= Laura Kent Donahue =

American businesswoman and politician

Laura Kent Donahue (born April 22, 1949) was an American businesswoman and politician. She served as a Republican member of the Illinois Senate from 1981 to 2003.

Born in Quincy, Illinois, Donahue received a Bachelor of Science from Stephens College. She worked in the merchandise and bookkeeping business. Donahue also had her own business as an instructor, musical theatre consultant, choreographer. In 1981, she succeeded her late mother Mary Lou Kent in the Illinois State Senate. Donaue served as a Republican Caucus Chair, Assistant Majority Leader, Vice Chair of the Appropriations Committee and as Minority Spokesperson on the executive committee at various points during her legislative tenure.

Days after her defeat by Democrat John M. Sullivan, George Ryan appointed her to the Illinois Educational Labor Relations Board where she served for fourteen months.
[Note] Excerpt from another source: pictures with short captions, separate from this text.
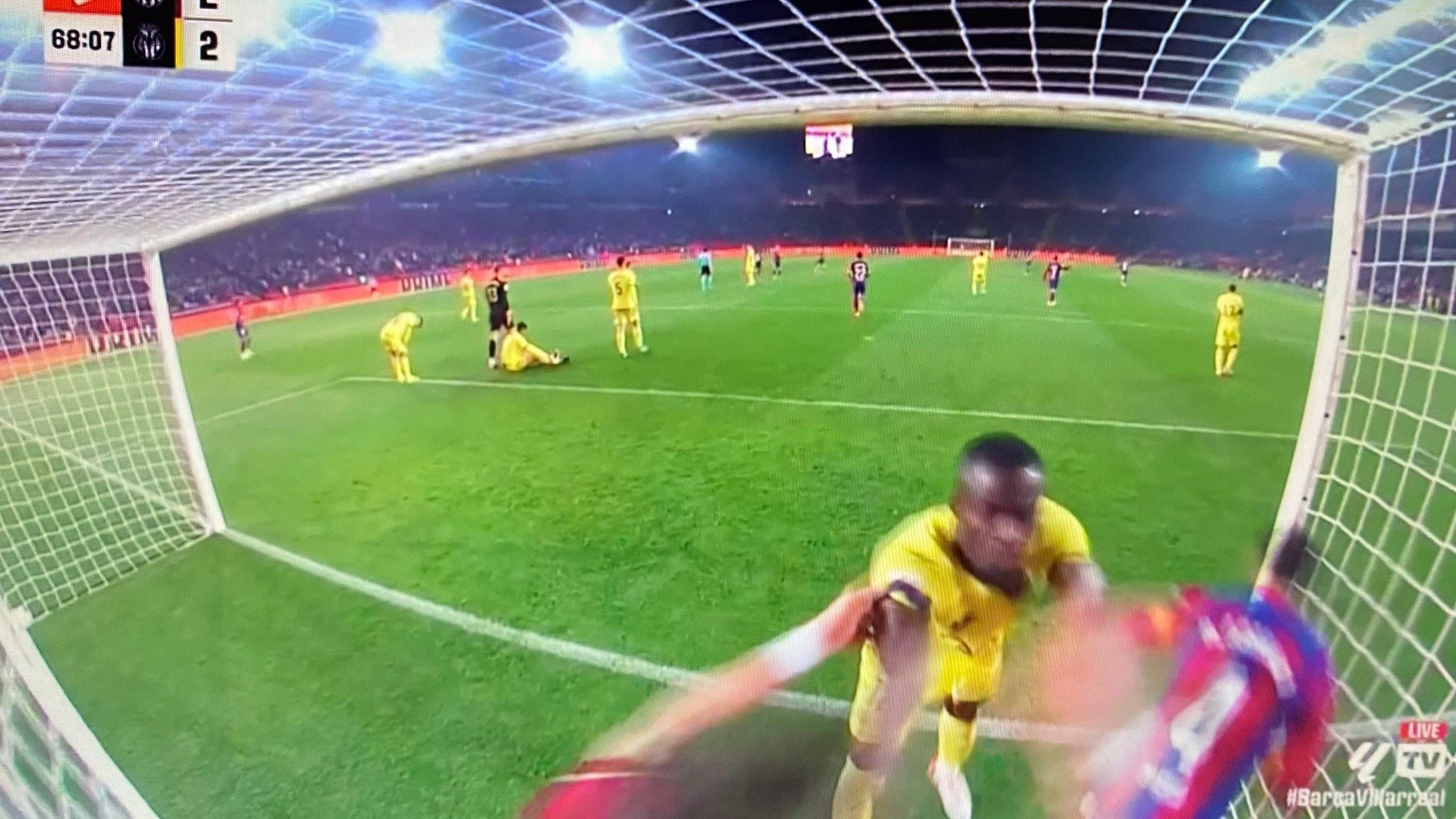 Bailly shoves Lewandowski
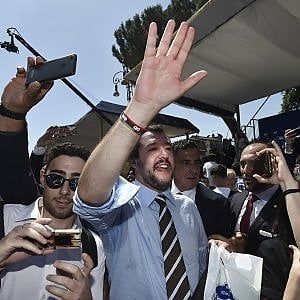 Salvini: "Ogni bimbo deve essere adottato da una mamma e un papà, faremo tutto quel che è legalmente possibile"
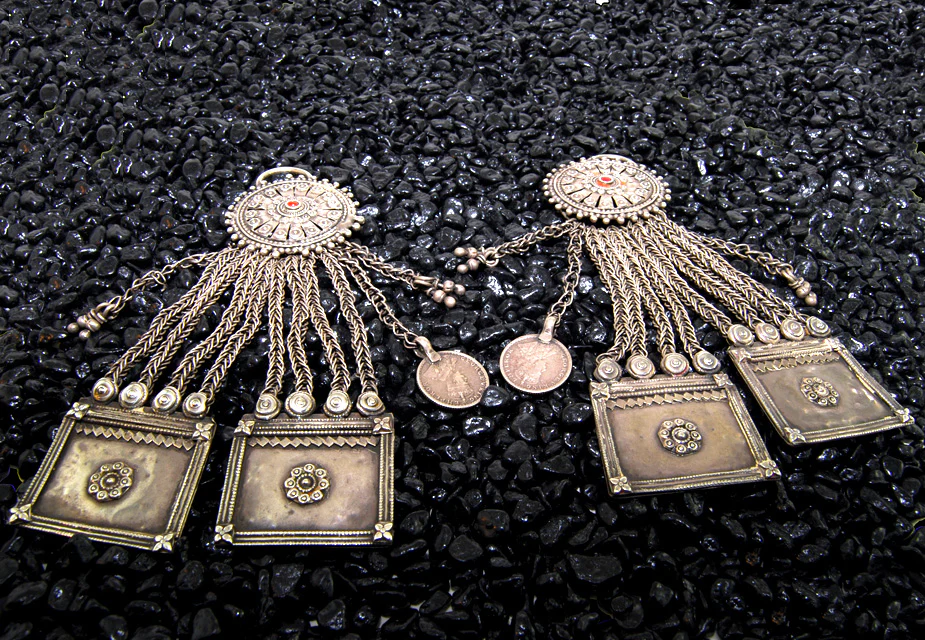 Indian Tribal Silver Women's Ear Ornaments - Image 6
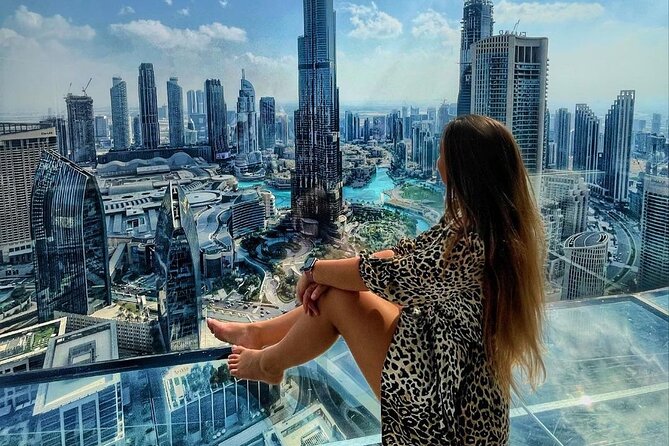 This observation deck is found over the road from Burj Khalifa and allows you to carry pictures with the landmark in the backdrop.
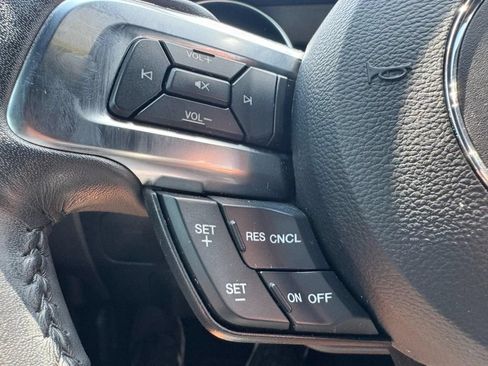 Used 2019 Ford Mustang GT Premium RWD image 14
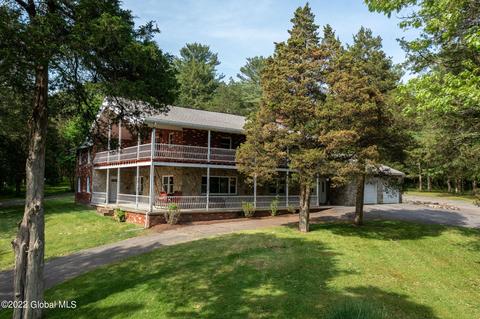 7 Fox Ln, Catskill, NY 12414 photo 3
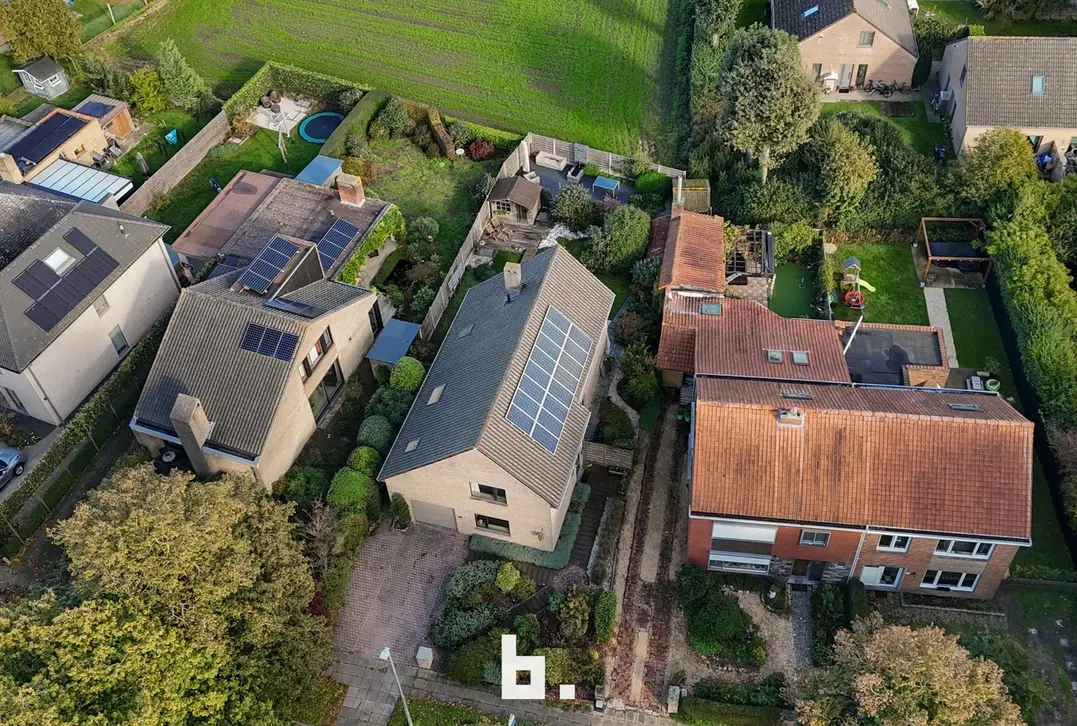 Verrassend ruime villa op uiterst gegeerde locatie in Sint-Andries - Brugge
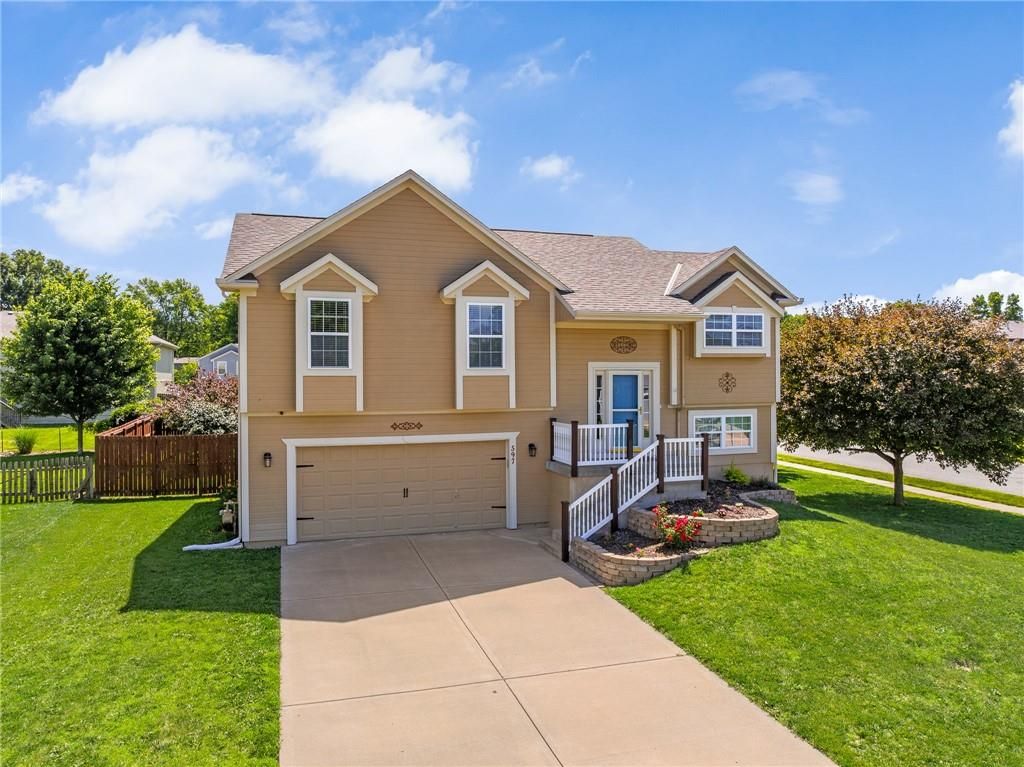 597 S Pine Street, Gardner, KS 66030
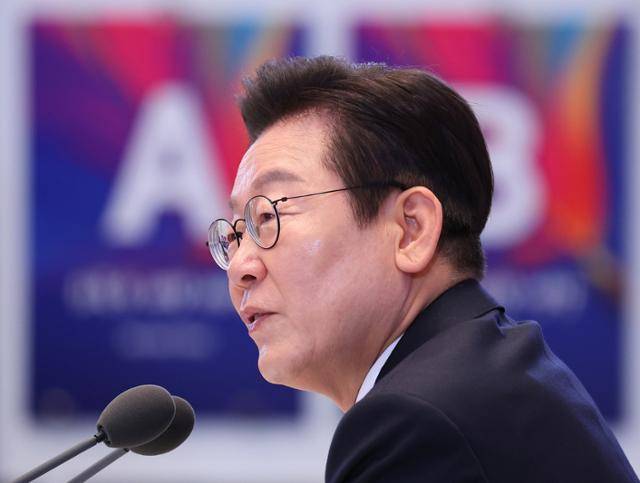 이재명 대통령이 11일 청와대 영빈관에서 열린 취임 100일 기자회견 '회복을 위한 100일, 미래를 위한 성장'에서 발언하고 있다. 뉴시스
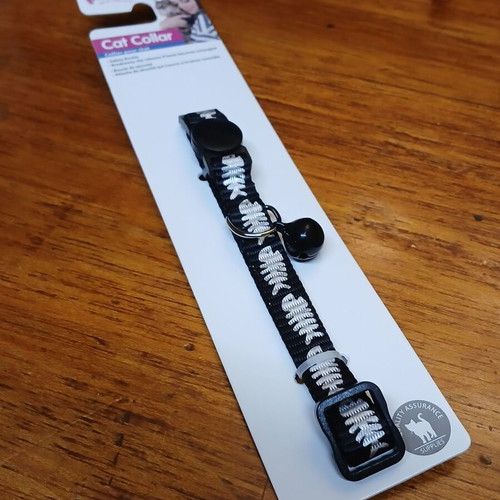 Cat collar with fish design new in packaging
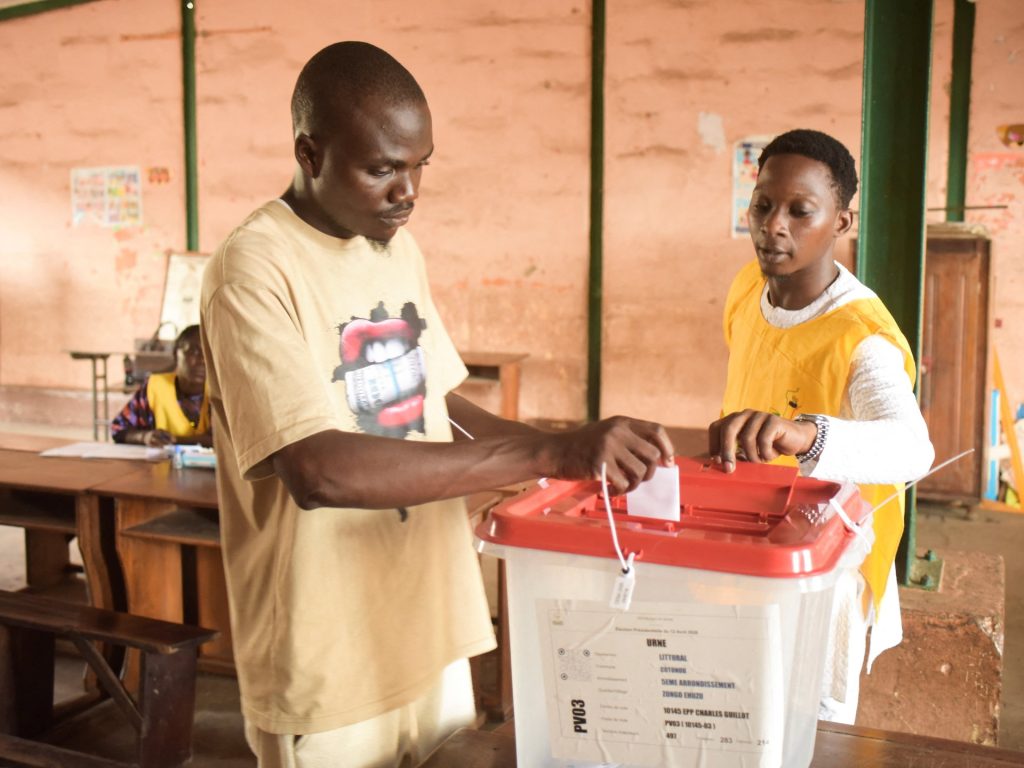 Benin holds presidential election amid deteriorating security situation | Elections News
In 2011, she announced she was running for the position of Adams County Circuit Clerk to succeed fellow Republican Randy Frese. Kent Donahue lost to Democratic candidate Lori Geschwandner by a margin of 1,582 votes.

Kent Donahue was the Chairwoman of the Adams County Republican Party from April 14, 2017 until June 25, 2019.

On May 16, 2019, Governor J. B. Pritzker nominated Kent Donahue for a position on the Illinois State Board of Elections for a term beginning July 1, 2019 and ending June 30, 2023. The Illinois Senate confirmed Kent Donahue unanimously on May 31, 2019.